Meine Kinder und ich. Hier seht Ihr Reinekens Werke!

Als der Winter vorbei, und Laub und Blumen und Blüten

Uns zur Fröhlichkeit riefen, erfreut ich mich meines Geschlechtes,

Das so munter mit mir die schönen Tage verlebte!

Zehen junge Söhne, mit vierzehn Töchtern, sie waren

Voller Lust zu leben; mein Weib, die treffliche Henne,

Hatte sie alle zusammen in Einem Sommer erzogen.

Alle waren so stark und wohl zufrieden, sie fanden

Ihre tägliche Nahrung an wohlgesicherter Stätte.

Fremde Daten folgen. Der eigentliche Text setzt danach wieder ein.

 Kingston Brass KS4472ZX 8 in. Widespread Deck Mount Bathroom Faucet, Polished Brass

Reichen Mönchen gehörte der Hof, uns schirmte die Mauer,

Und sechs große Hunde, die wackern Genossen des Hauses,

Liebten meine Kinder und wachten über ihr Leben;

Reineken aber, den Dieb, verdroß es, daß wir in Frieden

Glückliche Tage verlebten und seine Ränke vermieden.

Immer schlich er bei Nacht um die Mauer und lauschte beim Tore,

Aber die Hunde bemerktens; da mocht er laufen! sie faßten

Wacker ihn endlich einmal und ruckten das Fell ihm zusammen;

Doch er rettete sich und ließ uns ein Weilchen in Ruhe.

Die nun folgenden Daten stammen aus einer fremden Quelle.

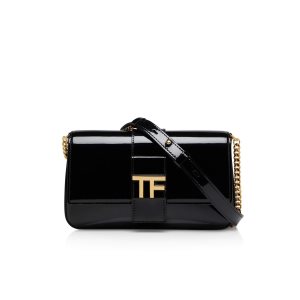 Bolsa De Hombro Tom Ford Charol Cuero Tf Chain Mujer Negras | 903-IEDXYC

Aber nun höret mich an! es währte nicht lange, so kam er

Als ein Klausner und brachte mir Brief und Siegel. Ich kannt es:

Euer Siegel sah ich am Briefe; da fand ich geschrieben:

Daß Ihr festen Frieden so Tieren als Vögeln verkündigt.

Und er zeigte mir an: er sei ein Klausner geworden,

Habe strenge Gelübde getan, die Sünden zu büßen,

Deren Schuld er leider bekenne. Da habe nun keiner

Mehr vor ihm sich zu fürchten, er habe heilig gelobet,

Nimmermehr Fleisch zu genießen. Er ließ mich die Kutte beschauen,

Zeigte sein Skapulier. Daneben wies er ein Zeugnis,

Das ihm der Prior gestellt, und, um mich sicher zu machen,

Unter der Kutte ein härenes Kleid. Dann ging er und sagte:

Gott dem Herren seid mir befohlen! ich habe noch vieles

Heute zu tun! ich habe die Sext und die None zu lesen

Und die Vesper dazu. Er las im Gehen und dachte

Vieles Böse sich aus, er sann auf unser Verderben.

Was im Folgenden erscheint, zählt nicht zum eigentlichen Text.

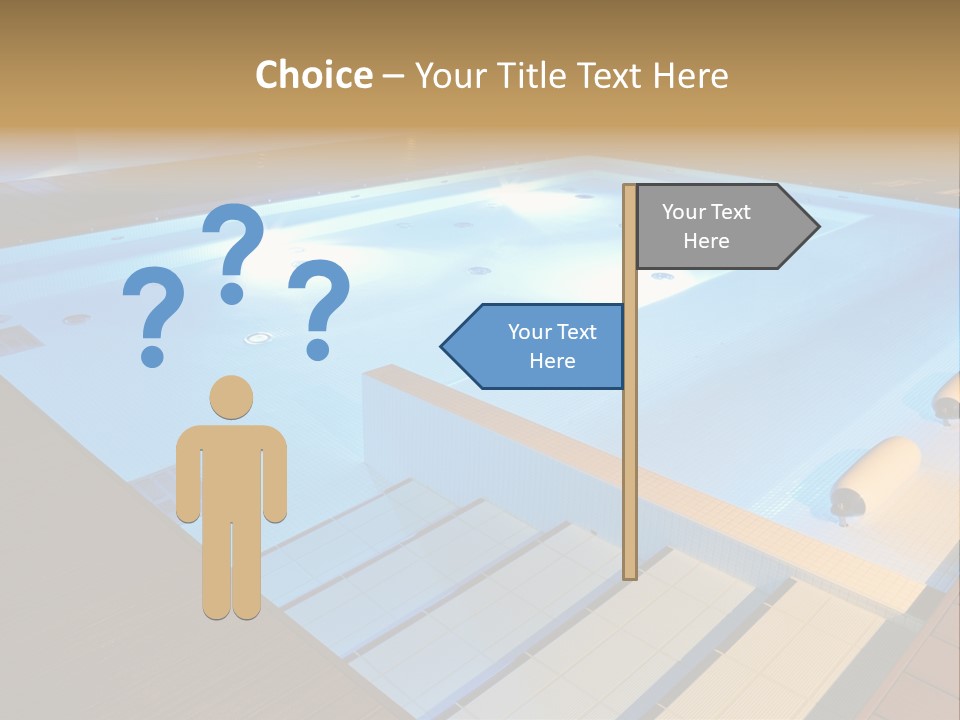 Illuminated Pool Poolside PowerPoint Template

Ich mit erheitertem Herzen erzählte geschwinde den Kindern

Eures Briefes fröhliche Botschaft, es freuten sich alle.

Da nun Reineke Klausner geworden, so hatten wir weiter

Keine Sorge, noch Furcht. Ich ging mit ihnen zusammen

Vor die Mauer hinaus, wir freuten uns alle der Freiheit.

Aber leider bekam es uns übel. Er lag im Gebüsche

Hinterlistig; da sprang er hervor und verrannt uns die Pforte;

Meiner Söhne schönsten ergriff er und schleppt' ihn von dannen,

Und nun war kein Rat, nachdem er sie einmal gekostet;

Immer versucht' er es wieder, und weder Jäger noch Hunde

Konnten vor seinen Ränken bei Tag und Nacht uns bewahren.

So entriß er mir nun fast alle Kinder; von zwanzig

Bin ich auf fünfe gebracht, die andern raubt' er mir alle.